← Back to team overview

randgen team mailing list archive

Concurrency problem in IPC::Channel

 

Hello RQG people,

I've got a puzzle for you to solve.

For a long while errors of this kind have been bugging me:

Number found where operator expected at (eval 9331) line 1, near "* PREP 2208"
        (Missing operator before  2208?)
Bareword found where operator expected at (eval 9331) line 1, near "2208 CON_ID"
        (Missing operator before CON_ID?)
Bareword found where operator expected at (eval 9331) line 1, near "*/ PREPARE"
        (Missing operator before PREPARE?)
String found where operator expected at (eval 9331) line 1, at end of line
        (Do you need to predeclare FROM?)
Bareword found where operator expected at (eval 9331) line 1, near "',1146,'Table"
        (Missing operator before Table?)
Backslash found where operator expected at (eval 9331) line 1, near "Table \"
        (Do you need to predeclare Table?)
Backslash found where operator expected at (eval 9332) line 1, near "jiyeqaugwbntudxxgkjuzttcekqknyayysiulqgtppkezwdvoija
hshqoxqpyfmsygluddnyhaktihdinuhqogvfnmk\"

etc.

They appear every now and then and don't cause any obvious problems with tests, but now I decided it's time to get rid of them.

And got stuck.

Here is a tiny grammar which was specifically crafted to trigger them massively:

----------------------------------
query:
PREPARE st1 FROM " UPDATE `t1` SET `col_varchar_nokey` = _text(8000) " ; EXECUTE st1 ;

----------------------------------

It can be run this way on the current randgen tree:

perl ./runall.pl --threads=2 --duration=300 --queries=100M --grammar=1.yy --basedir1=<basedir> --vardir1=<vardir>


(Yes, this way all queries from the grammar will fail either with 'unknown table' or with unknown prepared statement; that's intentional).

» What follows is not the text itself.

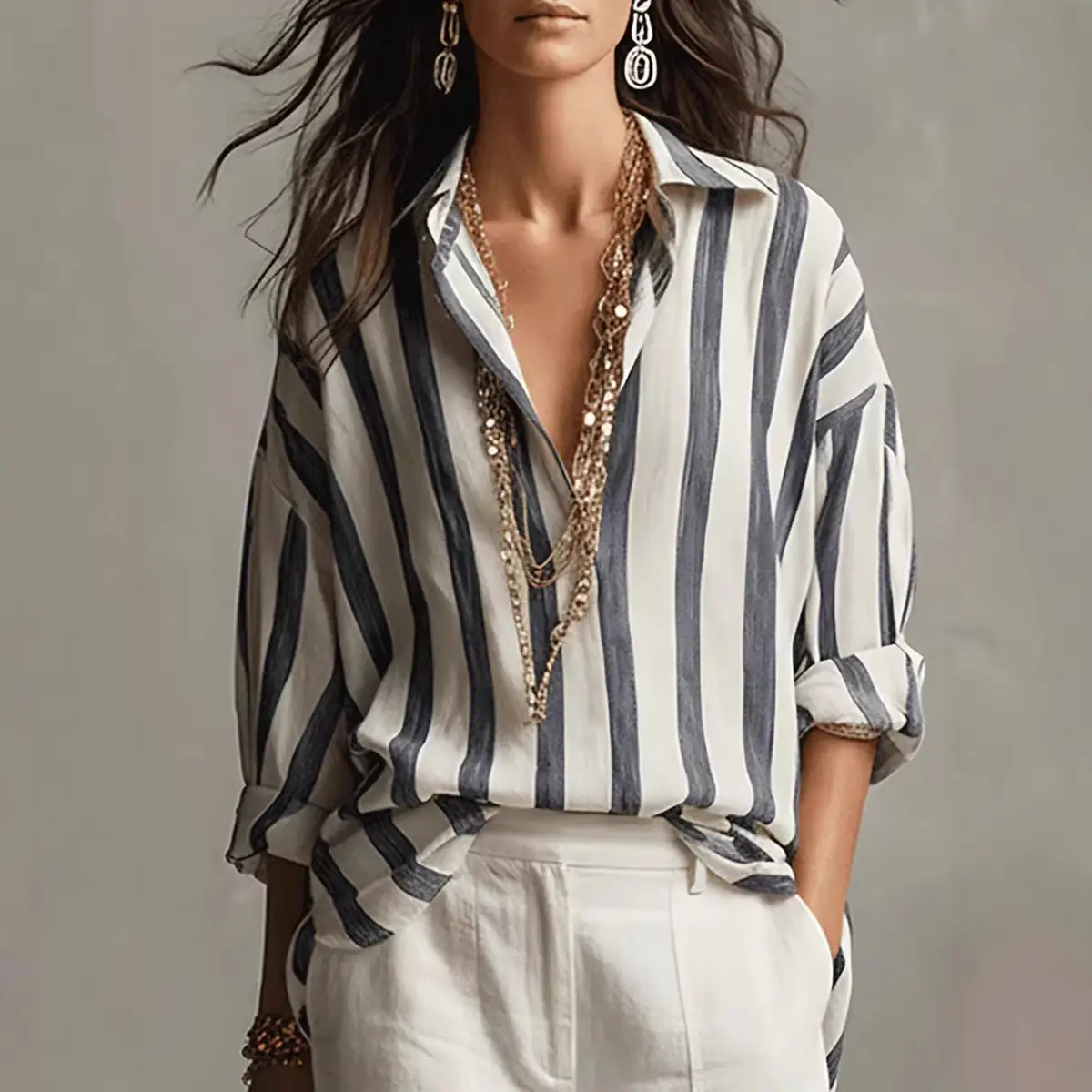 Striped Lapel Collar Loose-Fit Stylish Pullover Womens Blouse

My main suspect is ErrorFilter which uses IPC::Channel to receive error messages from executors. When there are lots of them, and they come concurrently from different threads, they get mixed up somewhere in the channels. The actual errors are generated by Channel::recv method which at some point eval's what it received from the pipe.

Don't take any of the above for granted, that's what my digging shows, but I might be wrong.

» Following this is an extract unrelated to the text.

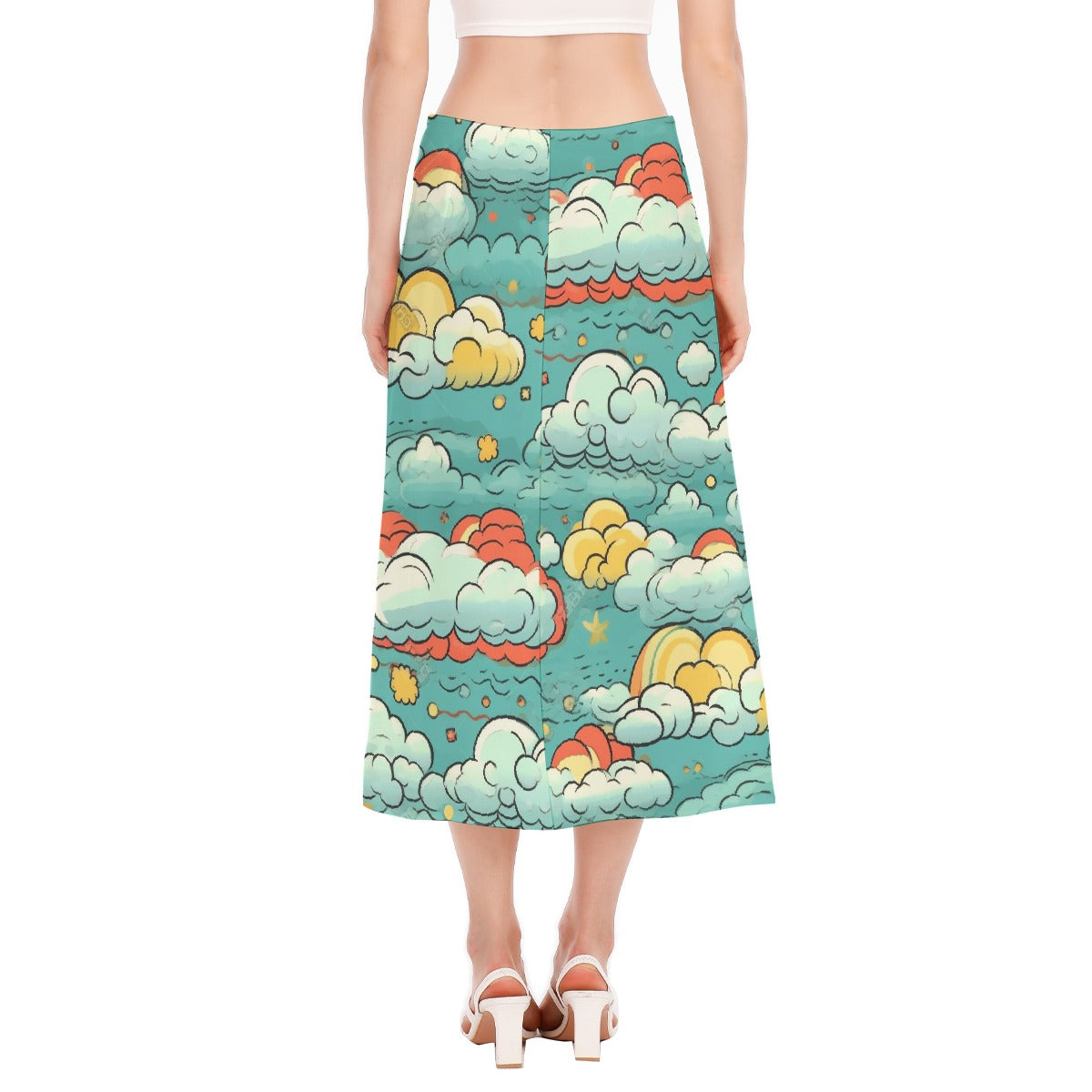 All-Over Print Women's High Slit Long Skirt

So, here the actual puzzle starts.

I tried all I could think of to get rid of the conflicts -- locking, flocking, blocking, and whatever derivative of 'lock' there is; nothing helped. Again, I might have done it wrong and missed something obvious.

Does anyone want to show their brilliance and solve the problem?

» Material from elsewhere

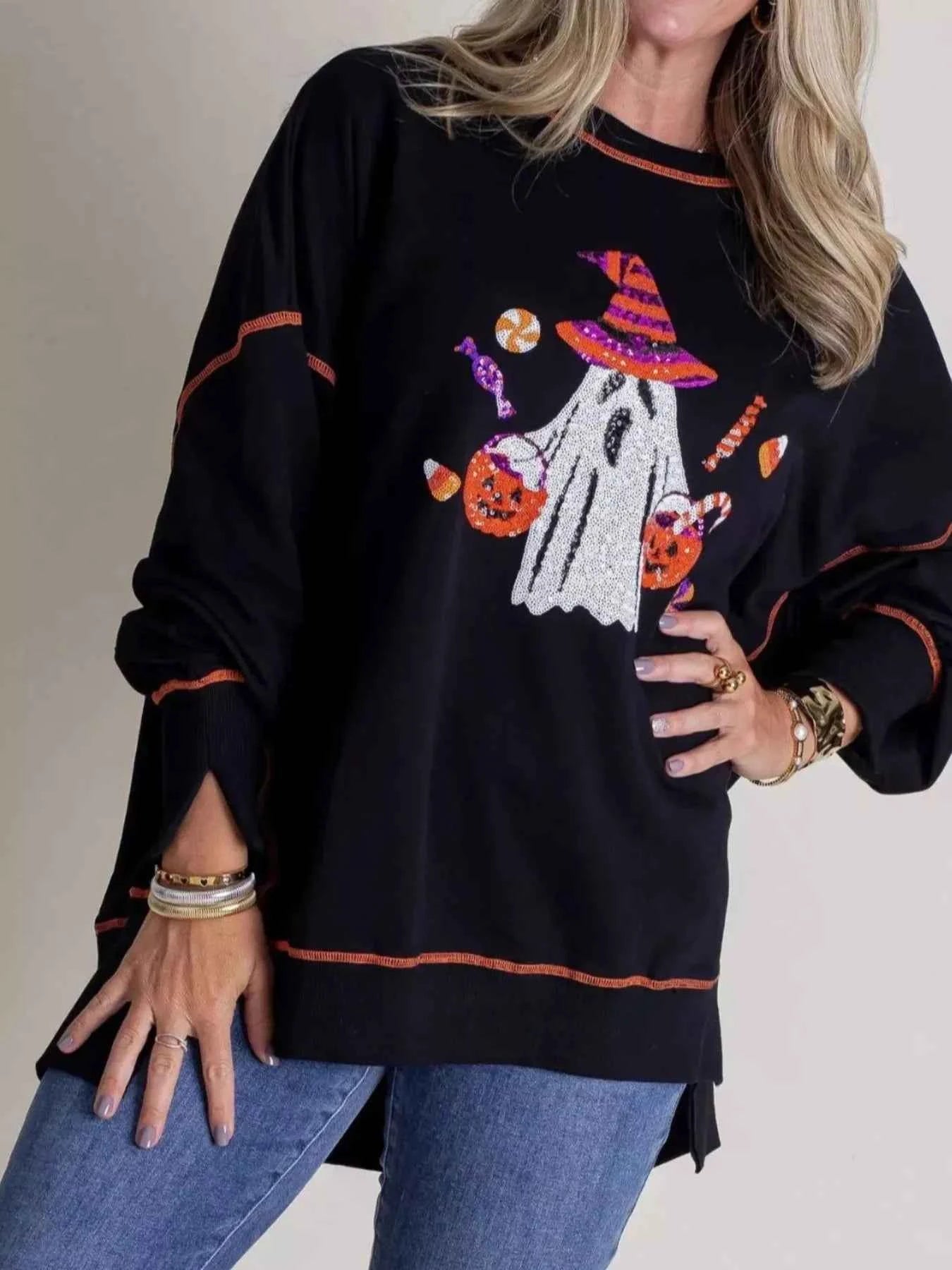 Halloween Ghost Sequin Exposed Seam Sweatshirt Black f5073b6b-a633-43b4-b315-5ef8afdd5556-Max-Origin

Ideally, if you want to jump on it, I hope you'll check your solutions locally (assuming you can reproduce it), and then tell us "this resolves the problem", instead of just suggesting them in the form of "did you try this?". As I said, I tried a lot of stuff, all in vain, but I could have made a mistake and miss something.


If the problem doesn't happen for you, please do tell, it might also be important somehow.

Regards,
Elena